Tuesday, July 01, 2008

Seamless World Design

I've noticed that a lot of experienced MMO players tend to dislike zoning and often go on and on about their hatred for instances. Most players who are were introduced to the genre via World of Warcraft also dislike zoning, but mostly just in the over-world. Instances themselves have become a major selling point in modern MMOs and it solves too many problems to ignore. One only has to search the Age of Conan forums for posts about "The Cistern" to see some of the problems old school public dungeons have.

You'll notice a lot of seamless world design if you look at the top performing subscription based games in the Western market. World of Warcraft is the largest one and has raised a generation of MMO players who are very unfamiliar with the loading screen. Lord of the Rings Online is very similar in its zone transition though it heavily uses instances for quest instances. The last one in the top 5 is probably EVE Online which I think was one of the first games to experiment with a seamless world design. I'm the least familiar with that game but I believe its systems of jumpgates allowed them to build a universe without having to divide it up between different servers.

I can see the appeal for avoiding MMOs that are dependent on loading between zones. Since I'm currently playing Age of Conan I know zoning can be a crap shoot sometimes. I'm not sure if its memory leaks, but the game has a high tendency to freeze up while zoning. EverQuest had similar problems though if I remember correctly SOE managed to make it much smoother as the game got older. Perhaps the biggest problem was the different rates at which computers are able to load between zones. Having a computer better then the rest of your group members could get you killed, if you zoned into a dangerous area long before everyone else.

I'm not a server architecture expect, but I would be willing to bet that seamless world design requires a bigger investment in hardware then a zone design. When MMOs were just getting started I'm sure a lot of companies didn't see the benefit in spending the money since subscription revenue was hard to predict. Now that there are so many games over 150,000 users I think a lot of studios can seriously consider a seamless world design. Also as the market becomes more crowded its going to be a competitive feature for a game to have. Heck, when you consider how many people played World of Warcraft as their first MMO it might be a required feature to have.


Anonymous said...

WoW was my first MMO, and even the quest instances in LoTRO put me off the game...And its certainly one reason why I may not play AOC. Sure it's not that big a deal if the game is great, but if I'm playing an average game (LoTRO for example), its small things like this that all add up to me quiting.

Relmstein said...

I like Age of Conan right now but its mostly because I'm playing with a group of friends. Ok, maybe the ability to decapitate my enemies plays a small part in my like for the game.

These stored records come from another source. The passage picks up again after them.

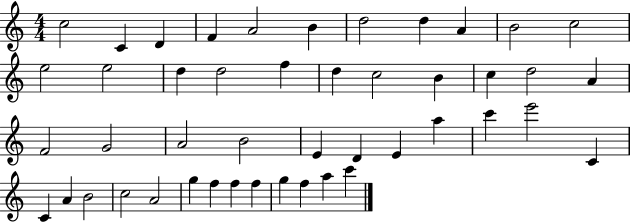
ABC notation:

X:1
T:Untitled
M:4/4
L:1/4
K:C
c2 C D F A2 B d2 d A B2 c2 e2 e2 d d2 f d c2 B c d2 A F2 G2 A2 B2 E D E a c' e'2 C C A B2 c2 A2 g f f f g f a c' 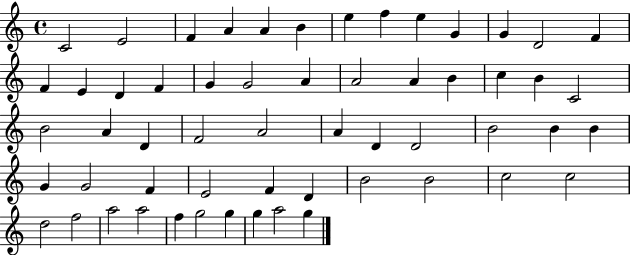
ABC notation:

X:1
T:Untitled
M:4/4
L:1/4
K:C
C2 E2 F A A B e f e G G D2 F F E D F G G2 A A2 A B c B C2 B2 A D F2 A2 A D D2 B2 B B G G2 F E2 F D B2 B2 c2 c2 d2 f2 a2 a2 f g2 g g a2 g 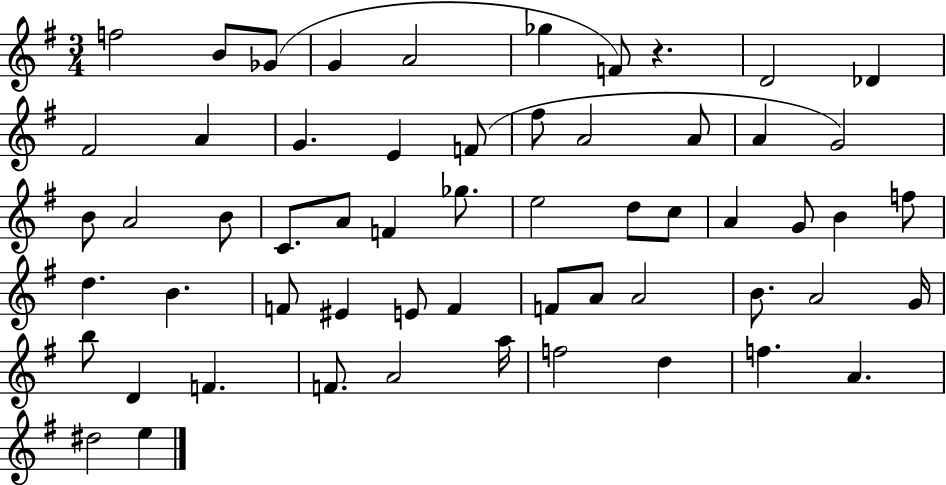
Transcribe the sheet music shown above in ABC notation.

X:1
T:Untitled
M:3/4
L:1/4
K:G
f2 B/2 _G/2 G A2 _g F/2 z D2 _D ^F2 A G E F/2 ^f/2 A2 A/2 A G2 B/2 A2 B/2 C/2 A/2 F _g/2 e2 d/2 c/2 A G/2 B f/2 d B F/2 ^E E/2 F F/2 A/2 A2 B/2 A2 G/4 b/2 D F F/2 A2 a/4 f2 d f A ^d2 e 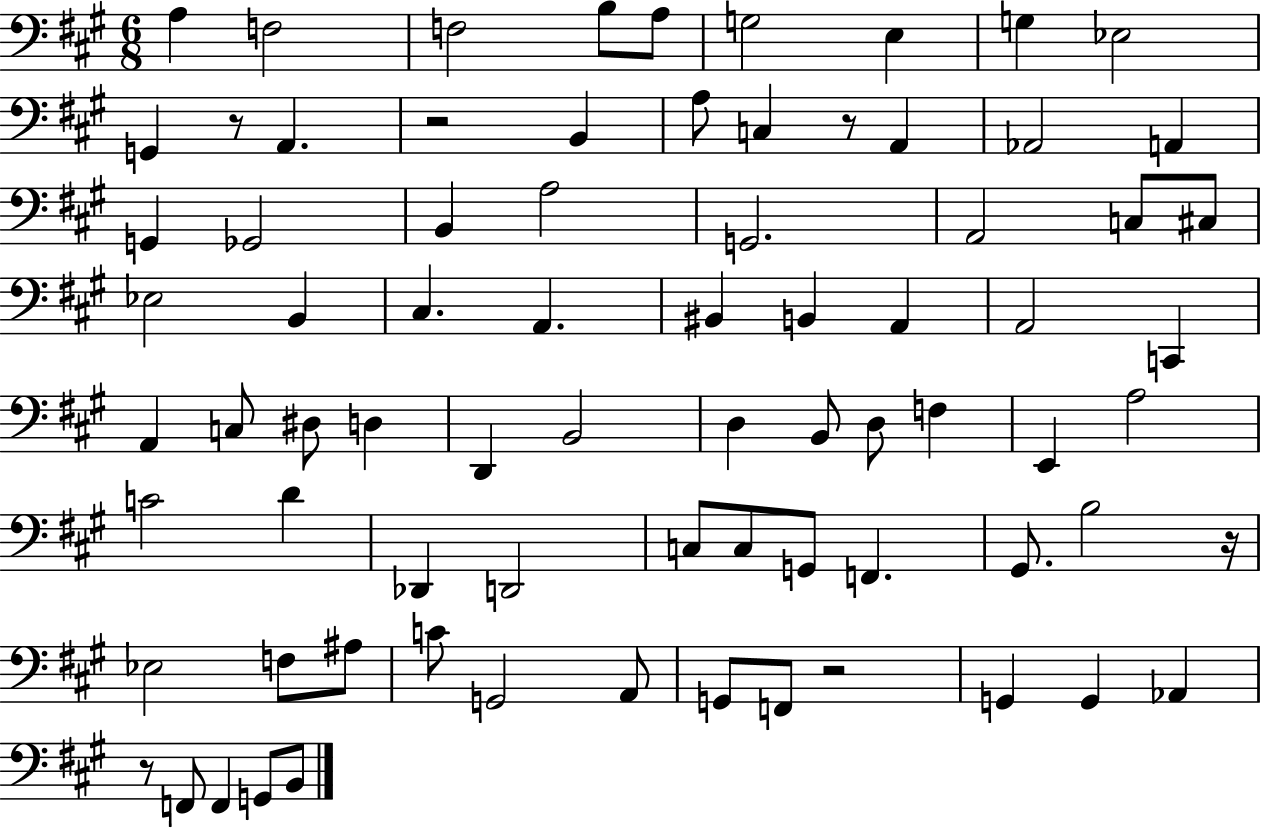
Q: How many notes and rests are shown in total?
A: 77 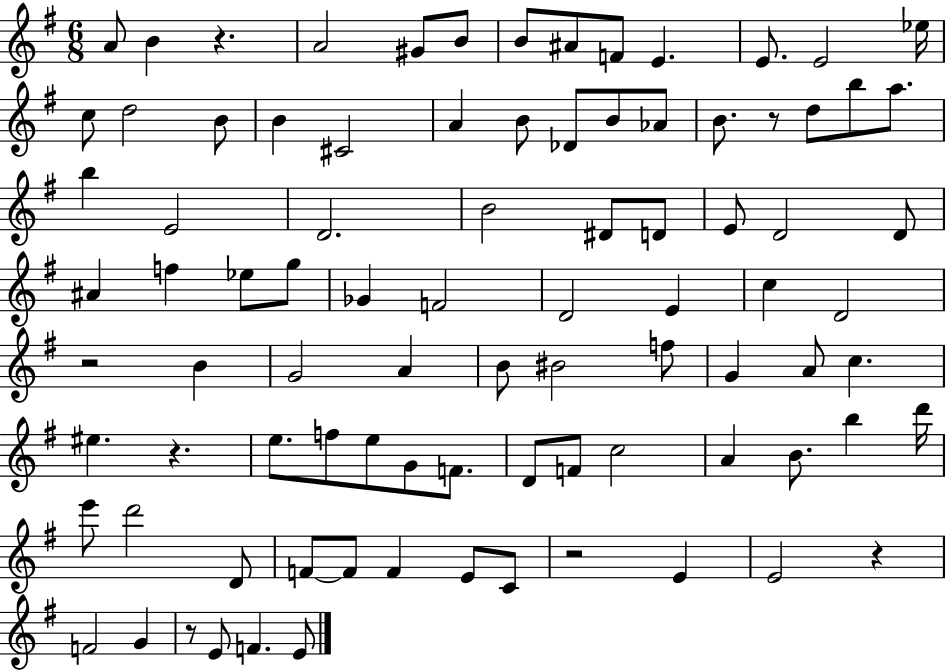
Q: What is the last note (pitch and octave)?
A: E4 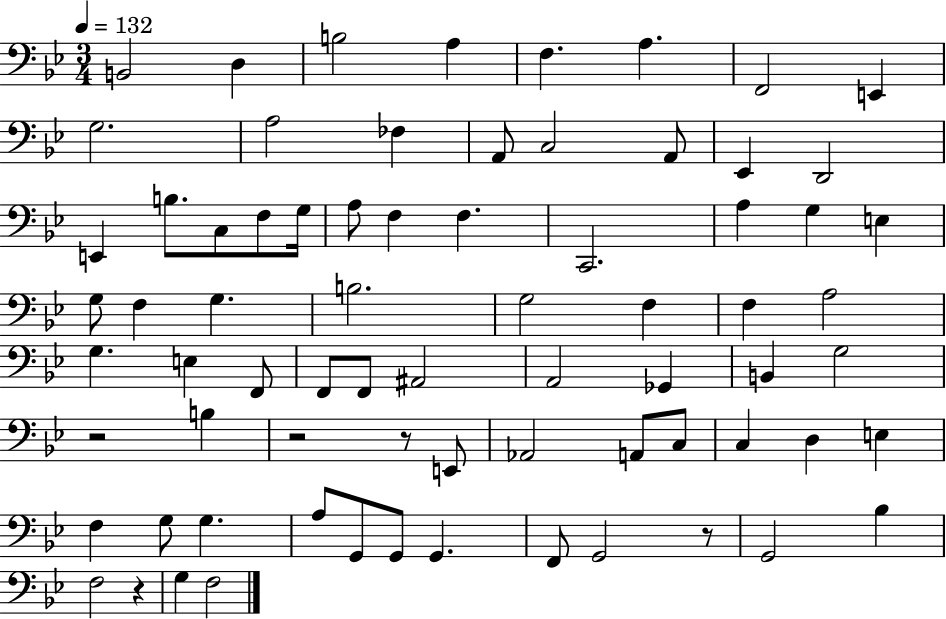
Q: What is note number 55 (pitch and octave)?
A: F3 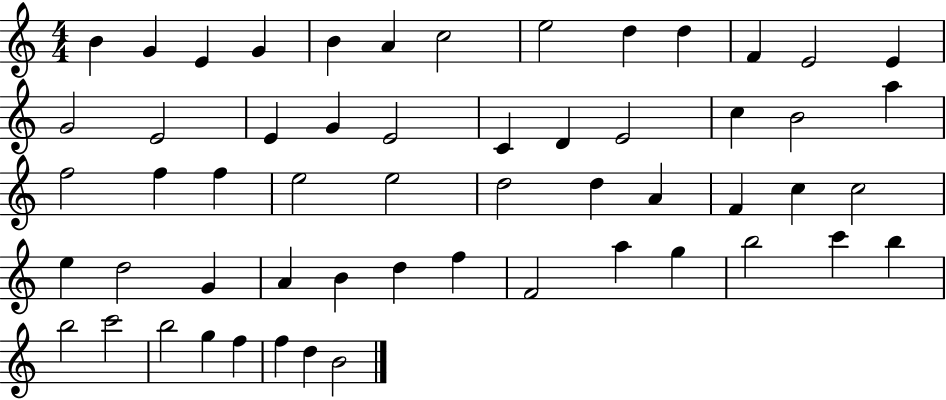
X:1
T:Untitled
M:4/4
L:1/4
K:C
B G E G B A c2 e2 d d F E2 E G2 E2 E G E2 C D E2 c B2 a f2 f f e2 e2 d2 d A F c c2 e d2 G A B d f F2 a g b2 c' b b2 c'2 b2 g f f d B2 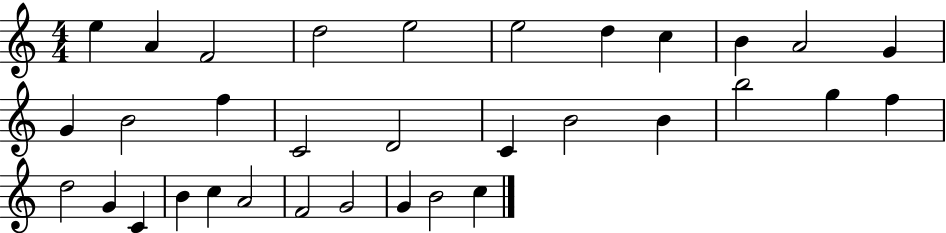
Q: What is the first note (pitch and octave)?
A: E5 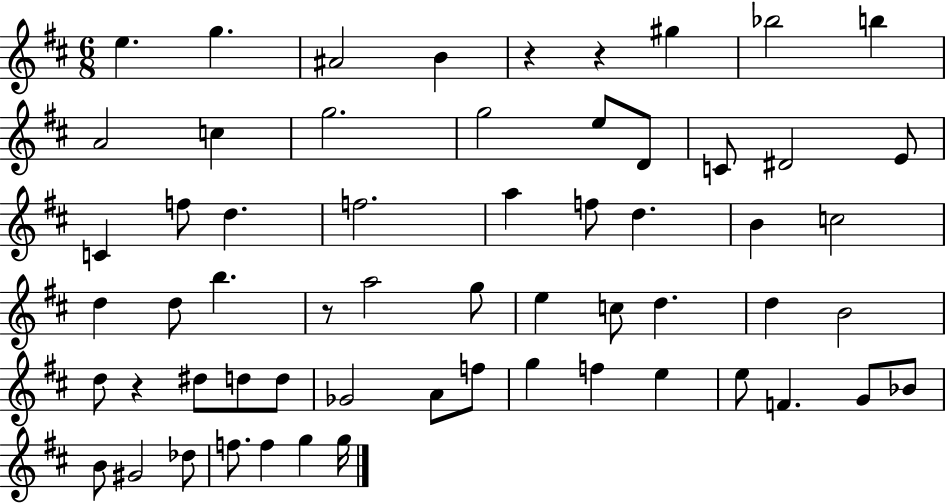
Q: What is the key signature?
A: D major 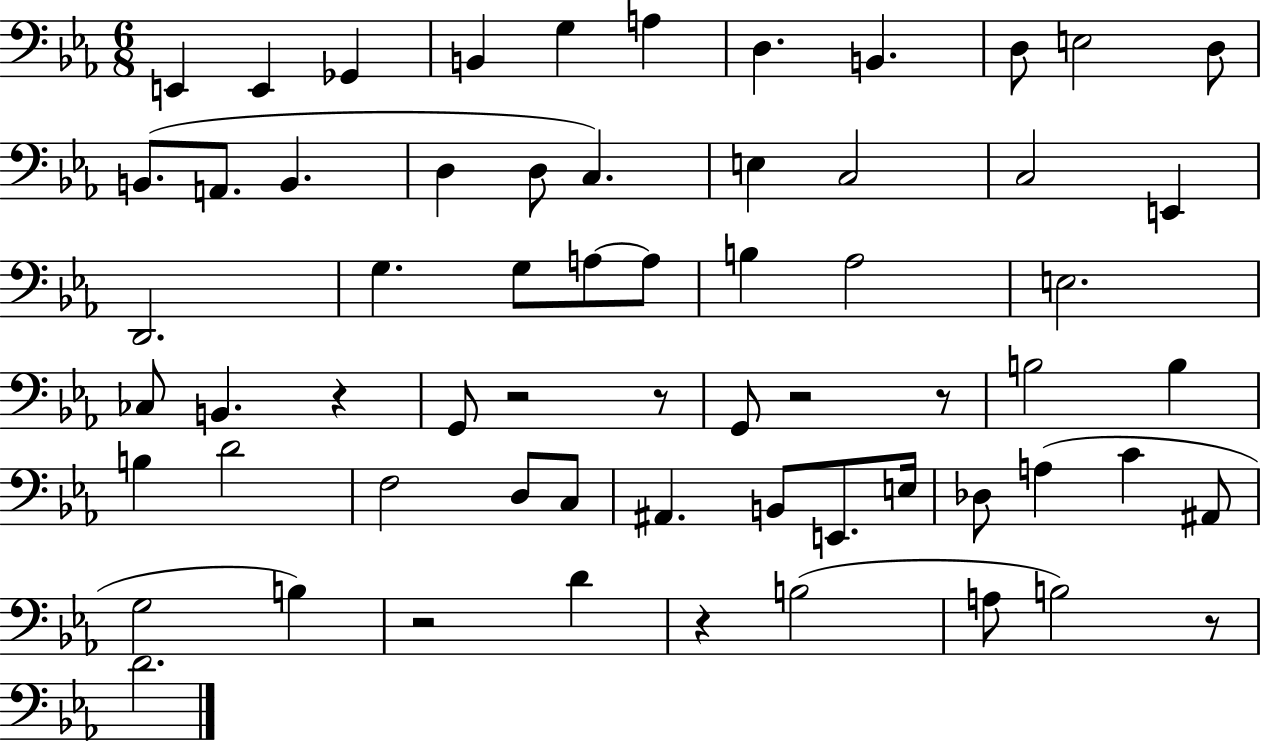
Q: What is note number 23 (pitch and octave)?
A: G3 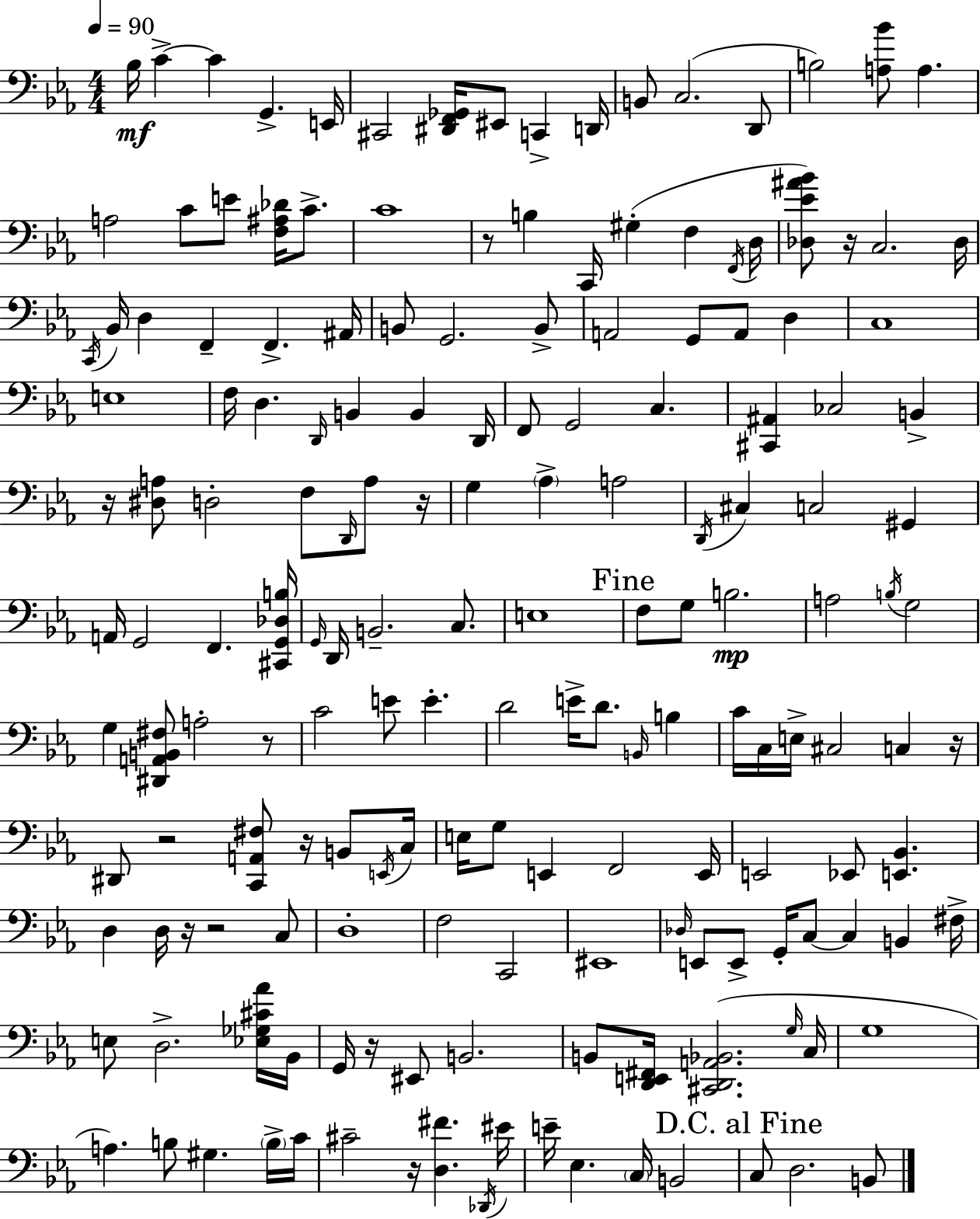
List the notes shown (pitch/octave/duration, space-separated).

Bb3/s C4/q C4/q G2/q. E2/s C#2/h [D#2,F2,Gb2]/s EIS2/e C2/q D2/s B2/e C3/h. D2/e B3/h [A3,Bb4]/e A3/q. A3/h C4/e E4/e [F3,A#3,Db4]/s C4/e. C4/w R/e B3/q C2/s G#3/q F3/q F2/s D3/s [Db3,Eb4,A#4,Bb4]/e R/s C3/h. Db3/s C2/s Bb2/s D3/q F2/q F2/q. A#2/s B2/e G2/h. B2/e A2/h G2/e A2/e D3/q C3/w E3/w F3/s D3/q. D2/s B2/q B2/q D2/s F2/e G2/h C3/q. [C#2,A#2]/q CES3/h B2/q R/s [D#3,A3]/e D3/h F3/e D2/s A3/e R/s G3/q Ab3/q A3/h D2/s C#3/q C3/h G#2/q A2/s G2/h F2/q. [C#2,G2,Db3,B3]/s G2/s D2/s B2/h. C3/e. E3/w F3/e G3/e B3/h. A3/h B3/s G3/h G3/q [D#2,A2,B2,F#3]/e A3/h R/e C4/h E4/e E4/q. D4/h E4/s D4/e. B2/s B3/q C4/s C3/s E3/s C#3/h C3/q R/s D#2/e R/h [C2,A2,F#3]/e R/s B2/e E2/s C3/s E3/s G3/e E2/q F2/h E2/s E2/h Eb2/e [E2,Bb2]/q. D3/q D3/s R/s R/h C3/e D3/w F3/h C2/h EIS2/w Db3/s E2/e E2/e G2/s C3/e C3/q B2/q F#3/s E3/e D3/h. [Eb3,Gb3,C#4,Ab4]/s Bb2/s G2/s R/s EIS2/e B2/h. B2/e [D2,E2,F#2]/s [C#2,D2,A2,Bb2]/h. G3/s C3/s G3/w A3/q. B3/e G#3/q. B3/s C4/s C#4/h R/s [D3,F#4]/q. Db2/s EIS4/s E4/s Eb3/q. C3/s B2/h C3/e D3/h. B2/e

Anyways, you're right about the small things about a game adding up. Age of Conan is the polar opposite of a seamless world though it has some things goind for it. Funcom has been doing a good job getting things straighten out but it will proabably be another month or two before its polished up.

If you're not starved for new MMO content I would wait until August for Age of Conan. It's a good game but it needs a bit more care.

Cow Nose the 50 Pound Cat said...

A seamless MMO does require a lot more bandwidth. As more people are in the same area, the bandwith needed increases exponentially. However, as bandwitdth is getting cheaper and cheaper, this may be less and less of a problem.